**Work request**. From the line containing "adidas Grey Essentials" to the end of the records below, output each line exactly; include both ends and nothing else.

**Material for this exercise**.
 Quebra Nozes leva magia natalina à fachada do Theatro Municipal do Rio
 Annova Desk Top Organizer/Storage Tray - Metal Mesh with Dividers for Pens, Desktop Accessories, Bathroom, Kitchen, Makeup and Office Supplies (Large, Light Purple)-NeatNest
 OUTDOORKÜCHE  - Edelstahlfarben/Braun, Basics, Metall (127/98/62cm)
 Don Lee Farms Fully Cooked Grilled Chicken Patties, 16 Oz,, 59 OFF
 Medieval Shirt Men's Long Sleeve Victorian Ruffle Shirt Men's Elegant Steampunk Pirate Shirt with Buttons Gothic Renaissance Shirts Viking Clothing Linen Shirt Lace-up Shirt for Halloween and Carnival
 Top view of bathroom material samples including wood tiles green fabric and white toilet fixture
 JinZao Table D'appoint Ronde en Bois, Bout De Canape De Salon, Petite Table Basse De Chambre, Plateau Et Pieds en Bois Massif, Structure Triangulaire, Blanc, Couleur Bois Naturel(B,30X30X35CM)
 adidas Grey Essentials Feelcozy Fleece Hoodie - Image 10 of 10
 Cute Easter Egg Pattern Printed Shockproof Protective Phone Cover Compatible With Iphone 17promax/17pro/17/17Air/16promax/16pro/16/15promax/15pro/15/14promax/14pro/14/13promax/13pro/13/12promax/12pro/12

**Task output**.
 adidas Grey Essentials Feelcozy Fleece Hoodie - Image 10 of 10
 Cute Easter Egg Pattern Printed Shockproof Protective Phone Cover Compatible With Iphone 17promax/17pro/17/17Air/16promax/16pro/16/15promax/15pro/15/14promax/14pro/14/13promax/13pro/13/12promax/12pro/12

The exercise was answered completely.